News: RBI lifts loan costs to tame inflation

 

What's in the news?

       The Monetary Policy Committee (MPC) of the Reserve Bank of India (RBI) based on an assessment of the macroeconomic situation and its outlook, decided by a majority of 4 members out of 6 to increase the policy repo rate by 25 basis points to 6.50%, with immediate effect.

 

Key takeaways:

       Consequently, the standing deposit facility (SDF) rate will stand revised to 6.25%; and the marginal standing facility (MSF) rate and the Bank Rate to 6.75%.

 

Key projections:

Real GDP growth:

       Taking various factors into consideration, real GDP growth for 2023-24 is projected at 6.4% with Q1 at 7.8%; Q2 at 6.2%; Q3 at 6.0%; and Q4 at 5.8%.

 

Inflation:

       Taking into account several factors and assuming an average crude oil price (Indian basket) of US$ 95 per barrel, the inflation is projected at 6.5% in 2022-23, with Q4 at 5.7%.

 

CPI Inflation:

       On the assumption of a normal monsoon, CPI inflation is projected at 5.3% for 2023-24, with Q1 at 5.0%, Q2 at 5.4%, Q3 at 5.4% and Q4 at 5.6%.

 

Key terms in Monetary Policy:

 

1. Policy Repo Rate: 6.50% - Repo rate is the rate at which the central bank of a country (Reserve Bank of India in case of India) lends money to commercial banks in the event of any shortfall of funds. Here, the central bank purchases the security.

 

2. Standing Deposit Facility (SDF): 6.25% - The SDF is a liquidity window through which the RBI will give banks an option to park excess liquidity with it.
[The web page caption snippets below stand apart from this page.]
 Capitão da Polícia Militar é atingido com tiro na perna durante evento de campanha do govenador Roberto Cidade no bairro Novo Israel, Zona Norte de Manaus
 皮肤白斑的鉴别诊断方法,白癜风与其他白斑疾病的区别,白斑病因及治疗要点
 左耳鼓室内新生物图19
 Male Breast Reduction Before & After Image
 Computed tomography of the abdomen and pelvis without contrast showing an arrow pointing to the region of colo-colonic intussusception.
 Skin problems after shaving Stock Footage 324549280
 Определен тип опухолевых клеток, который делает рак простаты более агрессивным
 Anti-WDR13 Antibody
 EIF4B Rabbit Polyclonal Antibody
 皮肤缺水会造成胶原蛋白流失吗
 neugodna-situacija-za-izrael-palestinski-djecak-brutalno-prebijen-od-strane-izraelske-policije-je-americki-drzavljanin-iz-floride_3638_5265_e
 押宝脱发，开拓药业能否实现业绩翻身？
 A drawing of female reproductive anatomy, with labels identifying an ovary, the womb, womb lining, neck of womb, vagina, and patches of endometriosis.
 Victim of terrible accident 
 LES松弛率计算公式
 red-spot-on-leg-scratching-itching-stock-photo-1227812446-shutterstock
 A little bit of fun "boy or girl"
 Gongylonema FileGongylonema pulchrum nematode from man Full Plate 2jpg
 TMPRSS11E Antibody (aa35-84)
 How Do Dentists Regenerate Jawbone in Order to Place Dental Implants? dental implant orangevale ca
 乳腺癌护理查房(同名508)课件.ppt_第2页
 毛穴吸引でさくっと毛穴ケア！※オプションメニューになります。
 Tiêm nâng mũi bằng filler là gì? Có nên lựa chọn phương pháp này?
It is different from the reverse repo facility in that it does not require banks to provide collateral while parking funds.

 

3. Marginal Standing Facility Rate: 6.75% -  MSF is a window for scheduled banks to borrow overnight from the RBI in an emergency situation when interbank liquidity dries up completely. Under interbank lending, banks lend funds to one another for a specified term.

4. Bank Rate: 6.75% - It is the rate charged by the RBI for lending funds to commercial banks.

 

5. CRR: 4.50% - Under CRR, the commercial banks have to hold a certain minimum amount of deposit (NDTL) as reserves with the central bank.

 

6. SLR: 18.00% - Statutory Liquidity Ratio or SLR is the minimum percentage of deposits that a commercial bank has to maintain in the form of liquid cash, gold or other securities.